__ACTION ITEM__.
Begin with the line holding "Boîte alimentaire hermétique" and end with the last line of the records below. Set down exactly those lines and leave out every picture.

__EXTRACTED ENTRIES__.
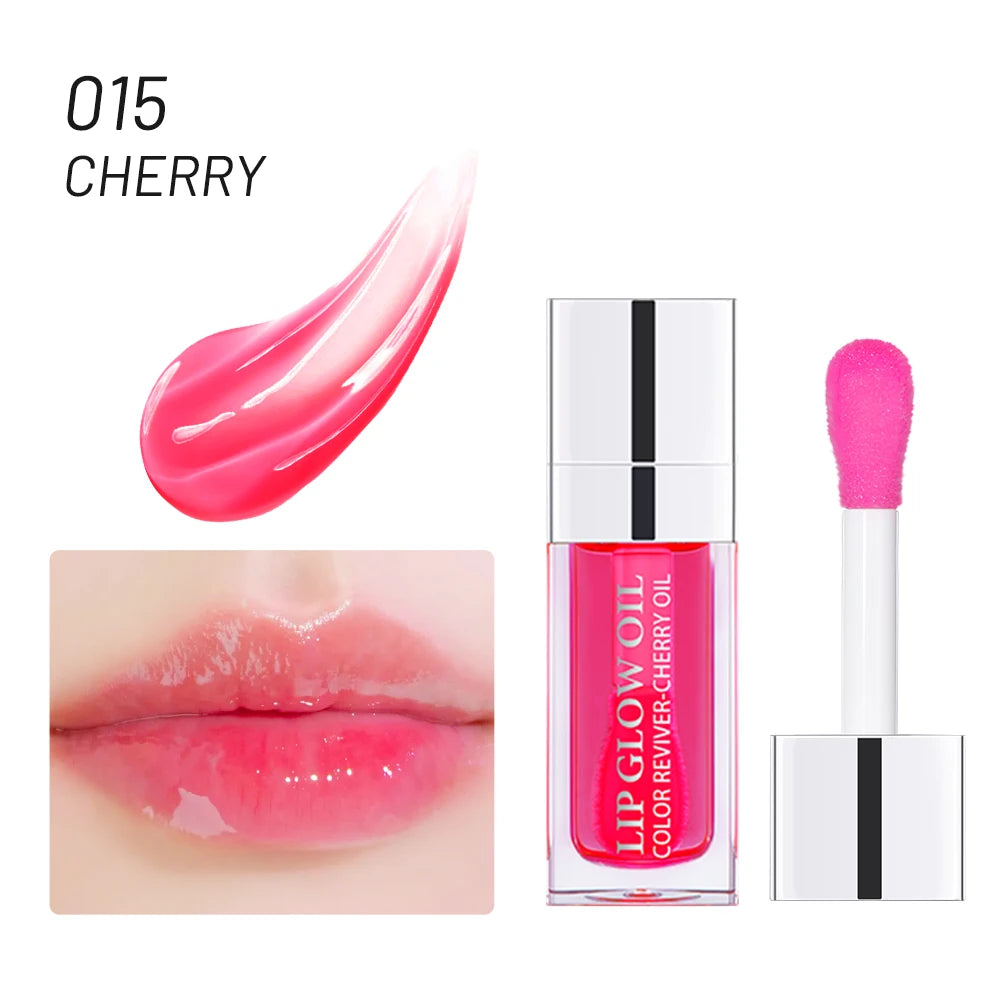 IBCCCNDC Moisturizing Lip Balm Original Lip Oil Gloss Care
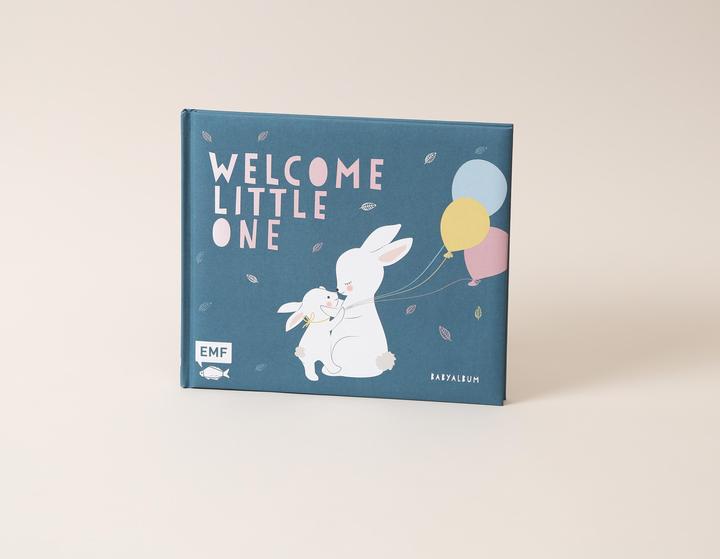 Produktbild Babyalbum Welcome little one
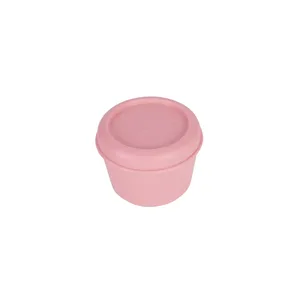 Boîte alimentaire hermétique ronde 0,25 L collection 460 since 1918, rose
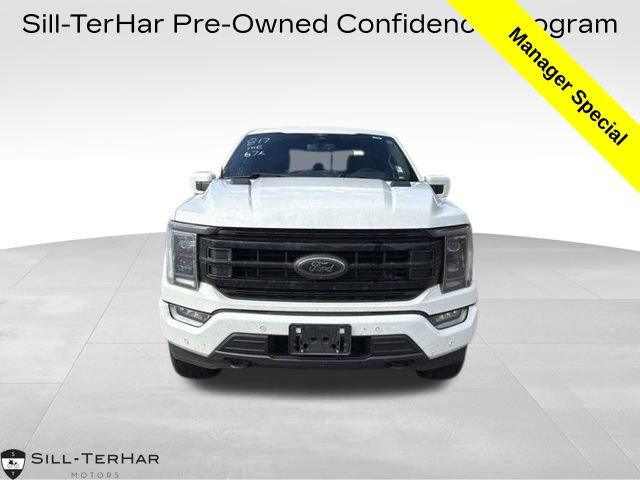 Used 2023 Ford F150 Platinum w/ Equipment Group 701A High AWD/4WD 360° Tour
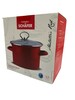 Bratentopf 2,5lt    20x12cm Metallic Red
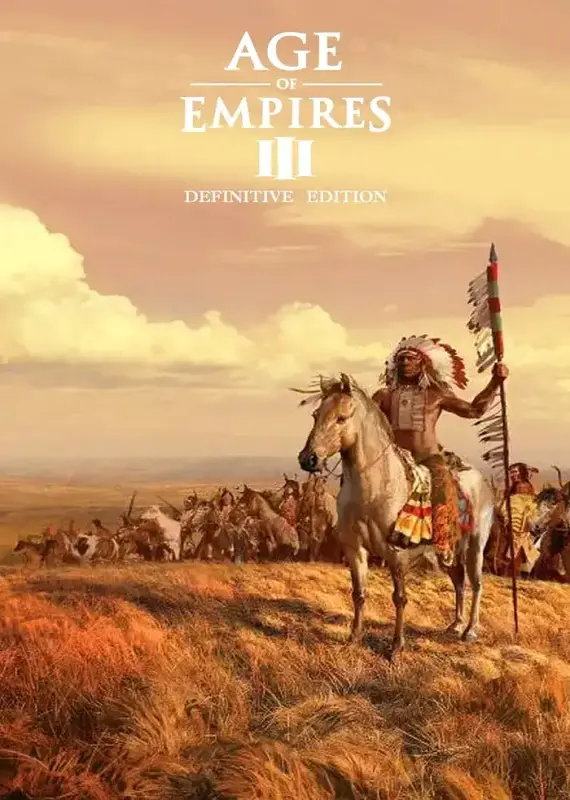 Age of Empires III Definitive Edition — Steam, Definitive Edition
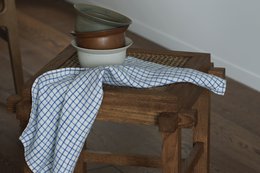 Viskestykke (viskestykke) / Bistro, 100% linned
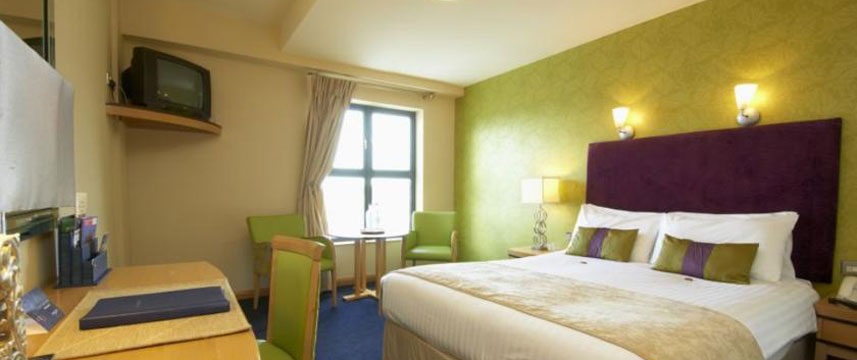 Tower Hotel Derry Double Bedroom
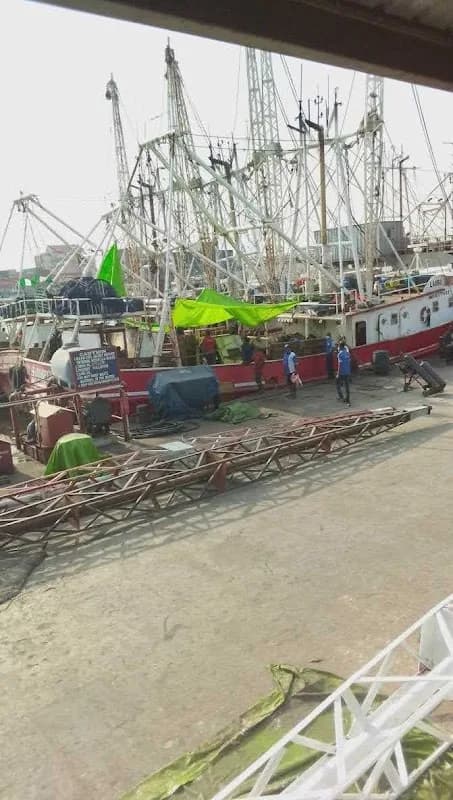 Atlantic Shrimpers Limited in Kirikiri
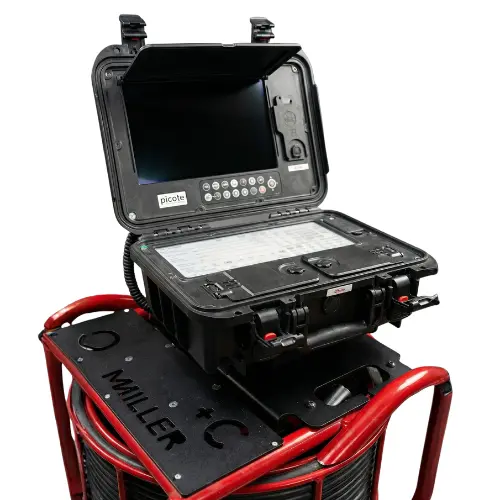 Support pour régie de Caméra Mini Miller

__TASK RESULT__.
 Boîte alimentaire hermétique ronde 0,25 L collection 460 since 1918, rose
 Used 2023 Ford F150 Platinum w/ Equipment Group 701A High AWD/4WD 360° Tour
 Bratentopf 2,5lt    20x12cm Metallic Red
 Age of Empires III Definitive Edition — Steam, Definitive Edition
 Viskestykke (viskestykke) / Bistro, 100% linned
 Tower Hotel Derry Double Bedroom
 Atlantic Shrimpers Limited in Kirikiri
 Support pour régie de Caméra Mini Miller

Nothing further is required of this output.